In all cases, there’s a combination of leveraging on existing trust, as well as on the ability to listen to others, and finally, but most importantly, the ability of listening to ourselves and to whom makes us happy.

There’s a lot, indeed, before sharing that coffee.

Tommaso Arenare

In praise of effective leadership and CEOs who can cast off

A stimulating and thought-provoking piece of Andrew Hill in the Financial Times aims at discussing “Rules of engagement for leaders on holidays”.

I particularly favour his view that

CEOs who do succeed in casting off (…) will benefit not only from the holiday, but from the improvement in mutual trust with their senior team when they return.

Establishing and fostering mutual trust amongs senior team members is a crucial mark of distinction for a successful CEO and a capable leader. Taking a good couple of weeks off can actually do a lot of good to colleagues if the CEO succeeds in empowering them properly and making them feel so.

This needs to happen, however, during the CEO’s entire tenure. Building a sense of delegation within the CEO’s team is at the same time very critical and quintessentially distinctive of a great leader.

I would even go as far as to say that the ability to take a proper break and cast off successfully (including properly facing emergencies or surprises) is a great indicator of someone capable to delegate and perhaps even someone good at devising, in proper course, a successor.

In addition to building trust amongst team members, Hill also very properly points out, in order for a CEO to be able to take a proper break, they will also need to be well-informed, so as to face emergencies effectively. Selecting how they can be well-informed is another more general competency of a good CEO. It is always a fascinating experience to see how good CEOs succeed in accessing an effective selection of instruments to guarantee they are informed. In this respect, personal relationship with key influencers is always a great tool for great leaders to ensure they access relevant info at the relevan moment in time. In every CEO’s relevant information space, we want to rapidly identify people we like and we trust, also as crucial sources of information, even in case of emergency.

In summary, delegation and personal relationship are key to a CEO’s ability to be a great leader, as they are for the CEO’s own ability to take a restful, effective and fully satisfying vacation break.

In praise of asking open questions

This time, it’s about the privilege of asking good questions. It’s about the privilege of building trust.

Conversation is from the latin word Cum-versare, literally turning (“versare”) together (“cum”). It indicates the ability to sync with one another, physically as well as metaphorically, when we talk and communicate.

A good conversation happens through questions and answers. Too many times either we struggle to ask questions or, when we do, we ask wrongly.

We can change this, to our greatest advantage.

Closed questions, for example, are those which can be answered with either yes or no. Do you think I could do better? is a closed question

Open questions require a broader answer than just yes or no. How do you think I could do better? What do you think I could do better? are both open versions of the same question.

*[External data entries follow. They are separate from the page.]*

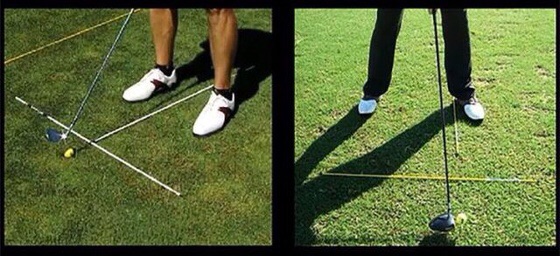 Que Định Hướng dùng để tập Putt và Swing golf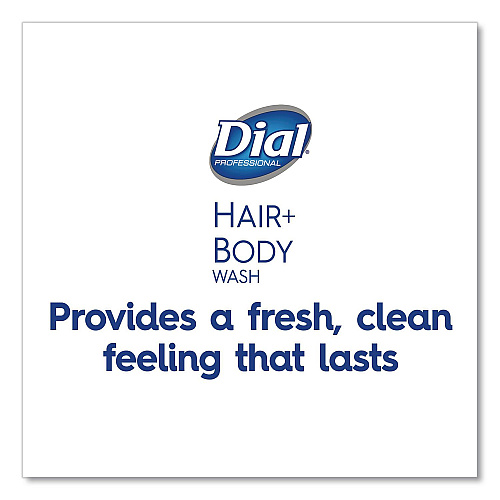 Dial Hair + Body Wash Refill for Versa Dispenser, Neutral Scent, 15 oz, 6/Carton (16304CT)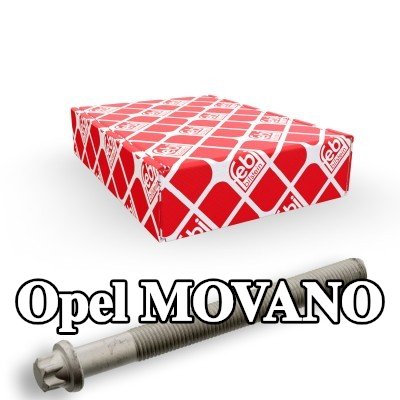 FEBI BILSTEIN مجموعة البراغي, رأس الأسطوانة 119mm — Opel Movano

Any time we ask a closed question, we pay the price, the opportunity cost of not asking an open question. Only very rarely, in fact, does asking closed questions foster fruitful answers.

We’d better think carefully, before asking closed questions.

The opposite is also true: good, open questions are a prerequisite of many good, inspiring answers.

Our conversation partner will feel encouraged to open up, disclose more, share an indication as to how effectively I can do better. An open question and, more in general, an open way to communicate, facilitates satisfaction through effective and rewarding conversation, as we open up, we avoid feeling defensive, we share our thoughts and emotions more easily.

A good answer to a good question is the key building block of a relationship of trust. When I receive a good answer to a good question, I start building trust with my conversation partner.

Trusting someone means relying on someone’s good answers to our questions.